A major limitation of our study is that IDR-1018 only partially reduced the bacterial burden, proinflammatory cytokine production, and osseointegration failures induced by S aureus. The partial effects might be explained by partial effects on free-living bacteria or by production of biofilms that protected the bacteria from the antimicrobial and immunologic effects of IDR-1018 [18]. In that regard, a limitation of our study is that the longitudinal bacterial bioluminesce data does not distinguish between free-living bacteria and bacteria within biofilms. Another limitation is that our study only assessed a single dose of IDR-1018, which was chosen based on its effectiveness in reducing soft tissue infections [1]. Nonetheless, IDR-1018 might be more effective if administered more often, at a higher concentration, or locally, at the infection site. IDR-1018 might also be more effective in combination with antibiotics and implant removal, which is the most likely clinical application.

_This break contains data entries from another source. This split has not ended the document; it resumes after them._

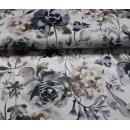 Samt mit Blumenmuster, natur/anthrazit/braun, 300g/m²
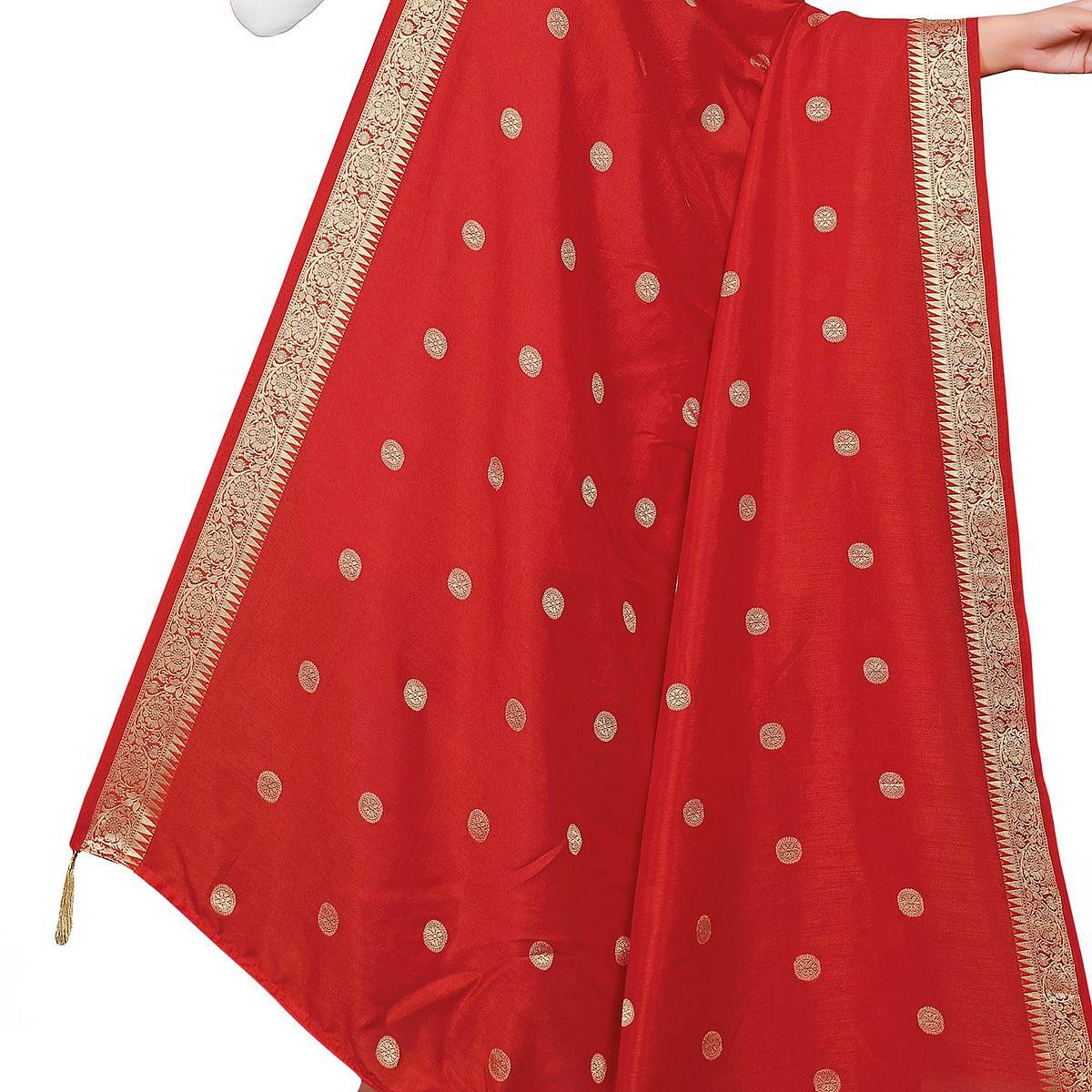 Peachmode Seller Charming Red Colored Festive Wear Woven Art Silk-Viscose Dupatta With Tassels - view 3
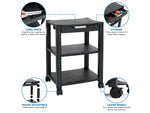 Mount-It! 3-Shelf Plastic/Poly Mobile Utility Cart with Lockable Wheels, Black (MI-7855A)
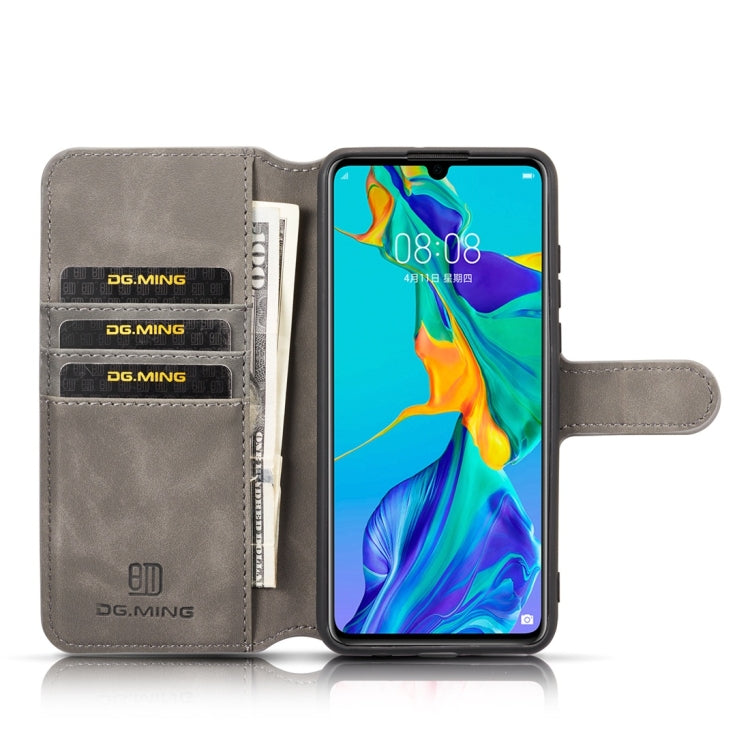 DG.MING Retro Oil Side Horizontal Flip Case with Holder & Card Slots & Wallet for Huawei P30 Lite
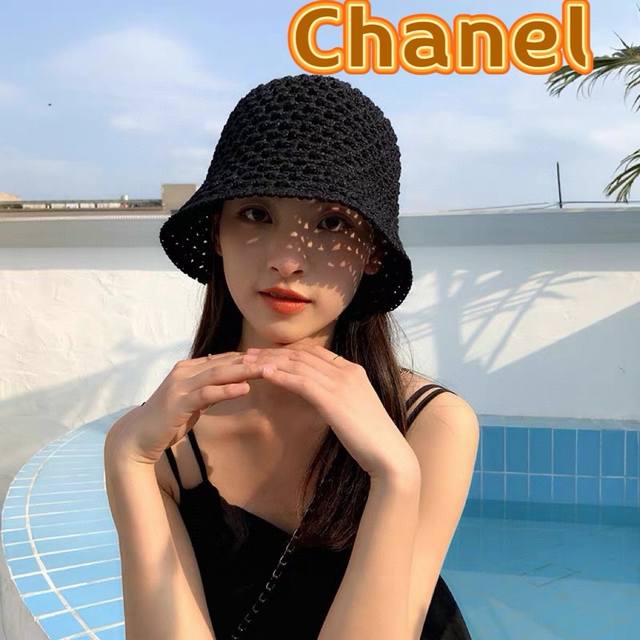 Chanel夏季镂空渔夫帽女透气帽子薄款防紫外线遮阳帽时尚盆帽水桶太阳帽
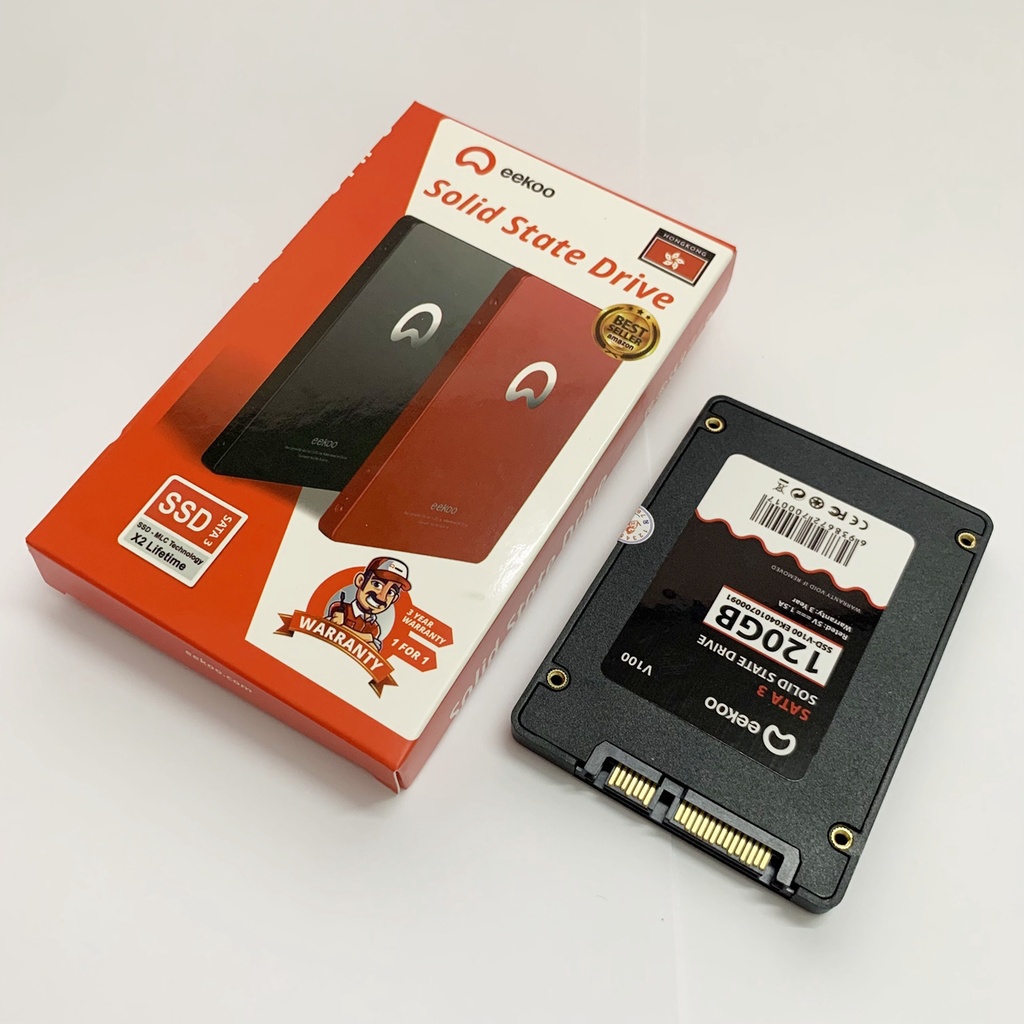 Ổ cứng SSD EEKOO 120G màu đen, chính hãng Vinago bảo hành 36 tháng lỗi đổi mới, ổ cứng di động ssd giá tốt.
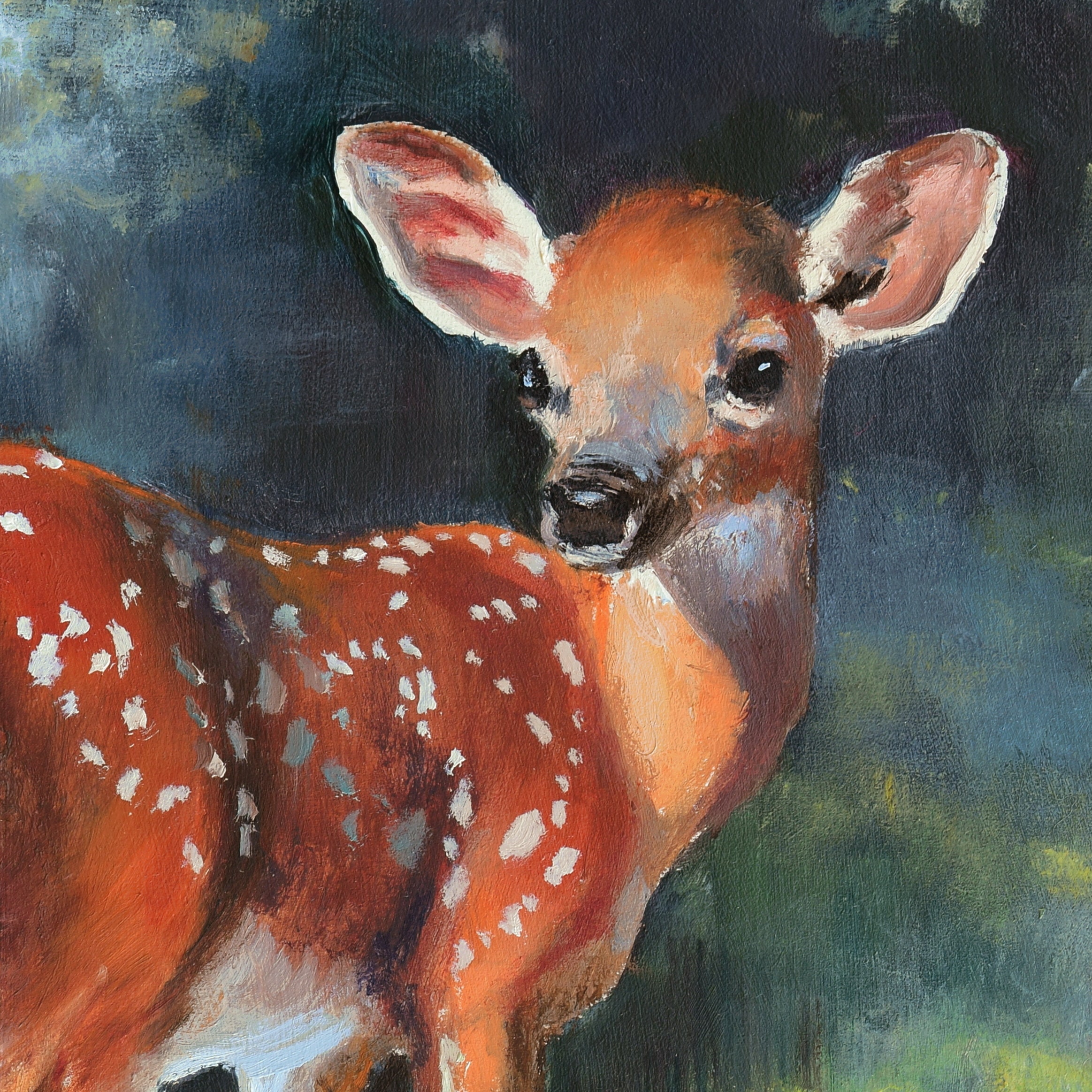 子鹿のオリジナルアートワーク、かわいい動物の油絵、小さな鹿のアート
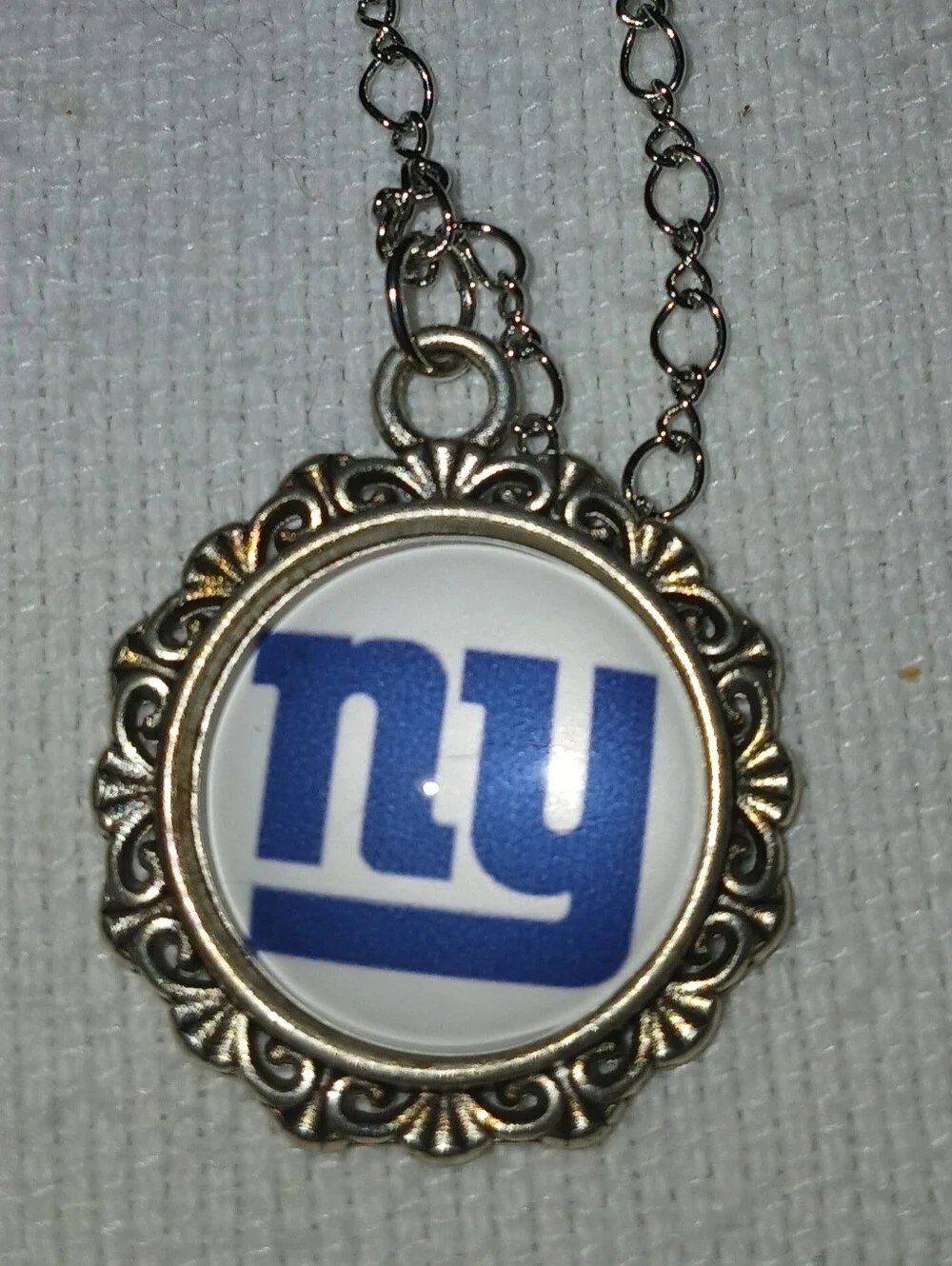 NWT NY Blue Logo Pendant Necklace - Fan Jewelry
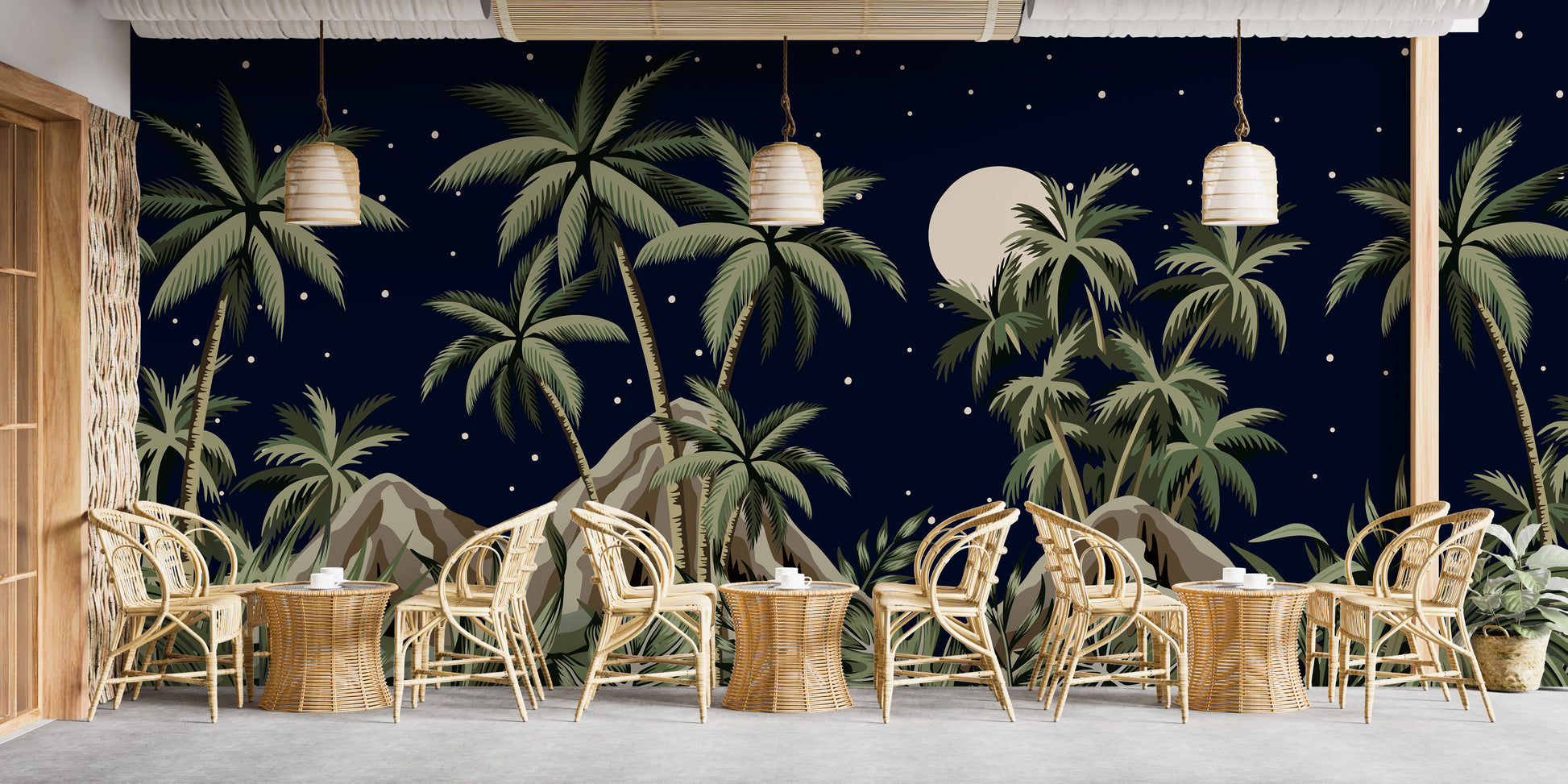 Starry tropical night sky wallpaper mural design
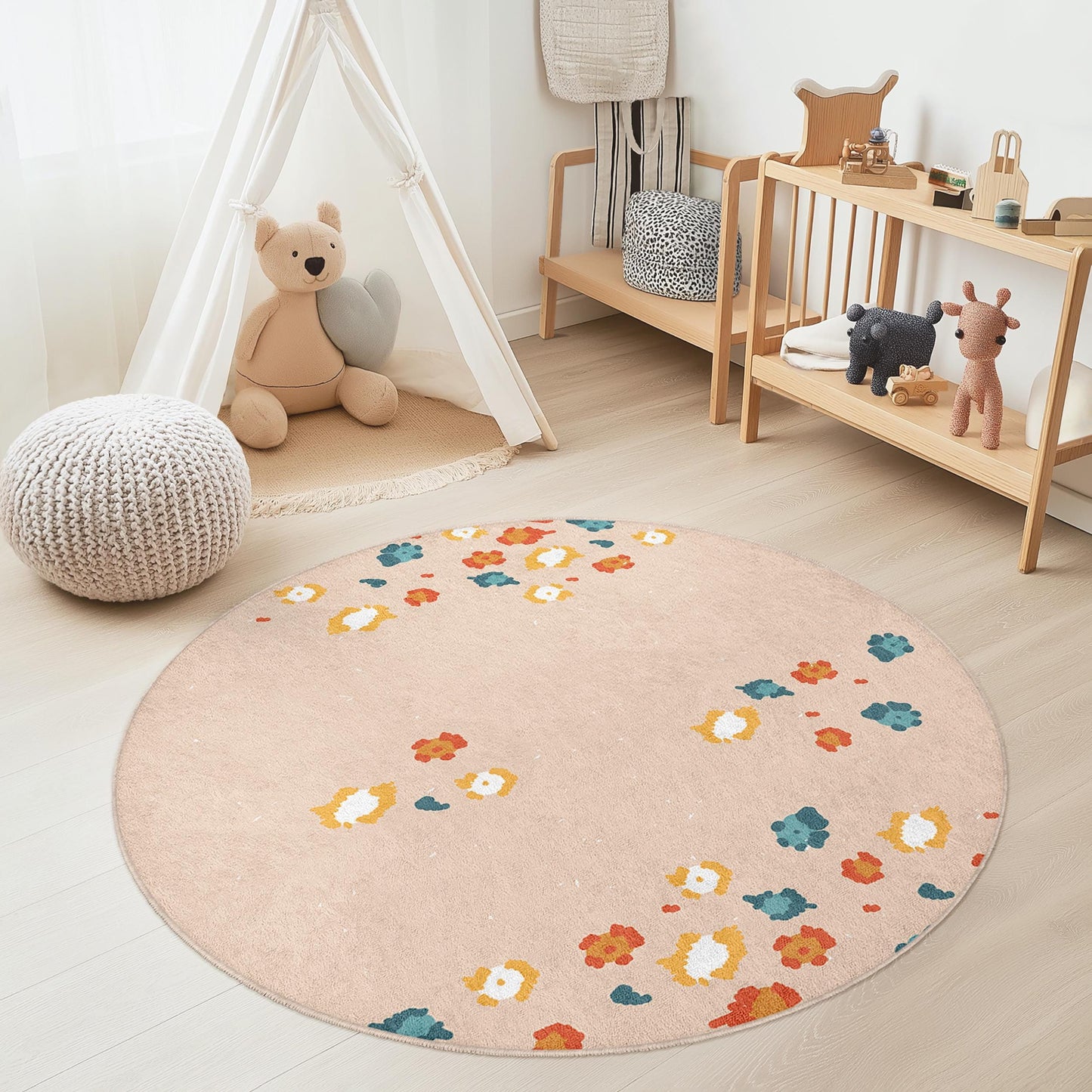 Runder Teppich mit Blumenmuster, Kinderzimmerdeko, weicher runder Teppich, Spielzimmerteppich, Kinderzimmerteppich, Spielmatte für Kinder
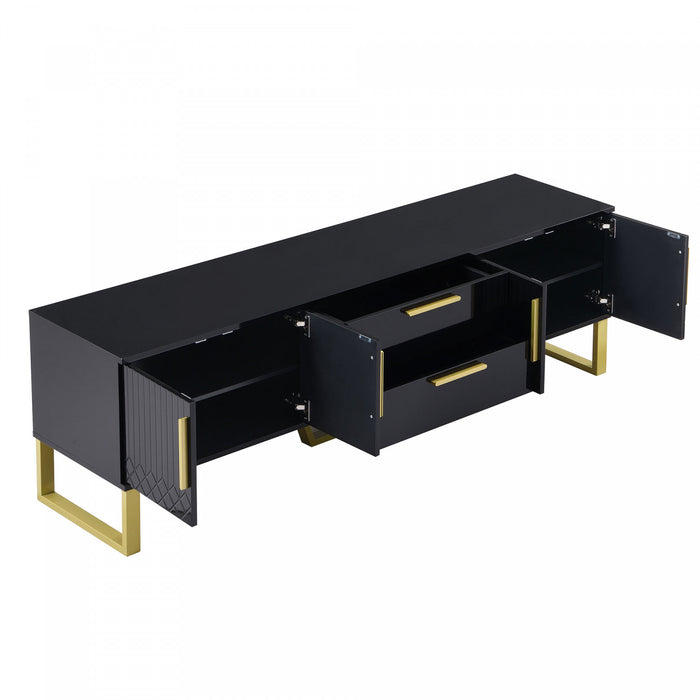 Steven 66.9\" Floor-standing Design TV Cabinet with and Gold Handles&Legs,Black Tv Stand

Another major limitation is that we only assessed effects of IDR-1018 on a single strain of S aureus and the results with other strains or other bacterial species could be different. We also only examined female mice, which were chosen because the previous study on IDR-1018 and soft tissue S aureus infections was performed on female mice [1]. It is also always difficult to directly predict translational relevance in patients from results in rodents.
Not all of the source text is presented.